In my circle, I see pencils and books and a piece of granite on which I set my ceramic mug. But everything else -- including the computer I type on, the counter on which it sits, my lamp, my phone and even the insulin pump that keeps me alive -- is plastic. It has become our closest companion (sometimes even in sex), our champion raw material.
Susan Freinkel's book is an even-handed, thorough, riveting and often lyrical biography of plastics, also full of eccentric human players. She writes what so many of us know but haven't found words for: "We take natural substances created over millions of years, fashion them into products designed for a few minutes' use, and then return them to the planet as litter that we've engineered to never go away."
And: Plastic, unlike wood or stone or silk, "is essentially inscrutable, offering few clues as to its past or future."
Read it to understand how we let plastic take over. At first a godsend, it reduced dependence on shrinking natural resources, such as the shell of the hawksbill turtle (combs) or elephants' ivory (billiard balls and piano keys). Ultimately it democratized materialism, making everything available to everybody, cheaply. Now, the partner we've found in plastic "can rightly inspire both our deepest admiration and our strongest disgust."
To describe its history, wonders and dangers, journalist Freinkel reviews eight products: the comb, the chair, the Frisbee, the IV bag, the disposable lighter, the grocery bag, the soda bottle and the credit card. You will not look casually at any of them again.
You will learn trivia too depressing to share at parties:
• Each day across the world, Bic sells 5 million disposable lighters. Once empty, each lighter "cannot be used for anything else; it cannot be recycled, because of the fuel. It can only be thrown away." Indeed, she writes, "today half of all plastics produced go into single-use applications."

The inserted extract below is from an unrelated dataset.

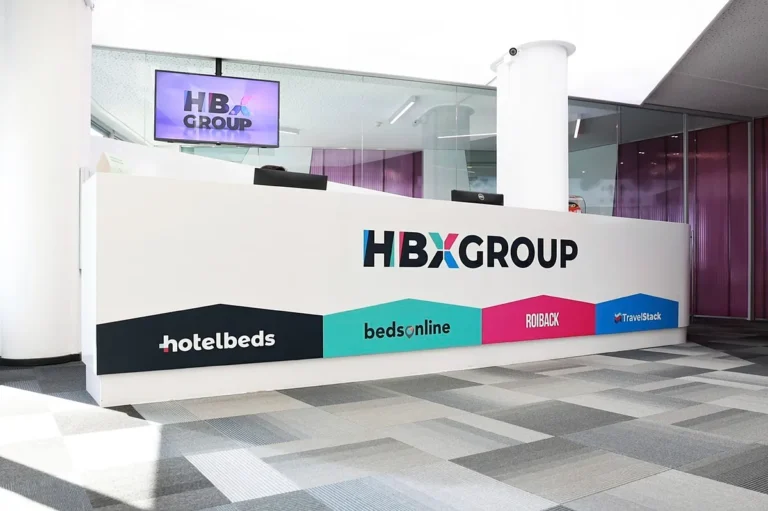 Arrowstreet Capital eleva la presión bajista en HBX Group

• U.S. manufacturers annually produce enough polyethylene -- favored for packaging -- to almost total the mass of every man, woman and child in the country.
Other trivia is fun:
• The first credit card, issued by Diners Club in 1951, was cardboard. Now, a credit card is 5 grams of PVC, equal to the weight of a nickel.

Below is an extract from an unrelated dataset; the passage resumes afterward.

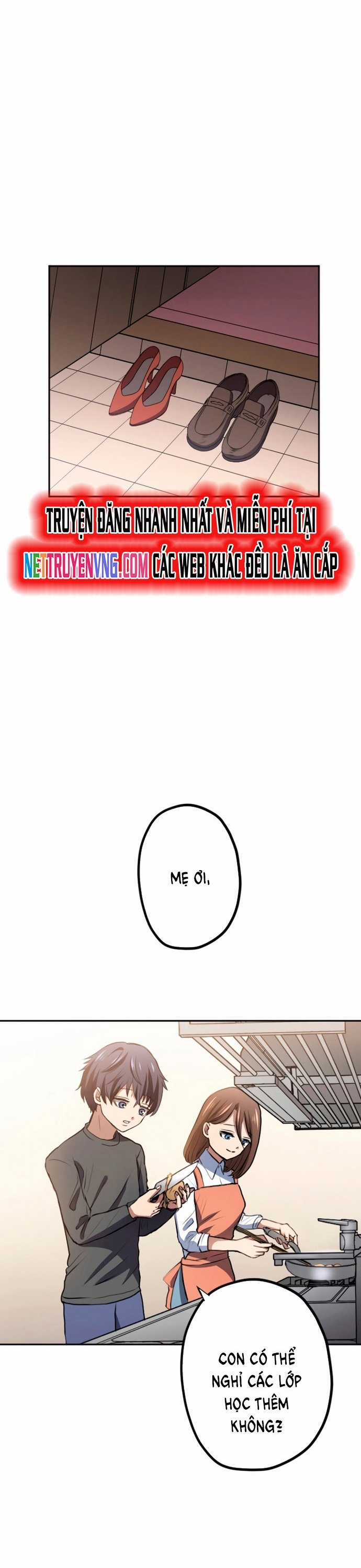 Ittoki The Ninja - Chapter 1 - Trang 27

• The plastic in a Frisbee costs only a penny.
• Those cheap, ubiquitous white or green plastic chairs? In the industry they're "monoblocs."
Freinkel tells horror stories of the dangers in plastic we never imagined when we first cuddled up with it. But she also pays respect to recent efforts to reduce its harm, to encourage its recycling for re-use (especially successful in Europe), even to make it disintegrate in nature.
It disintegrates, however, into minuscule plastic particles which, we can guess from experience, will have their own issues. Sigh.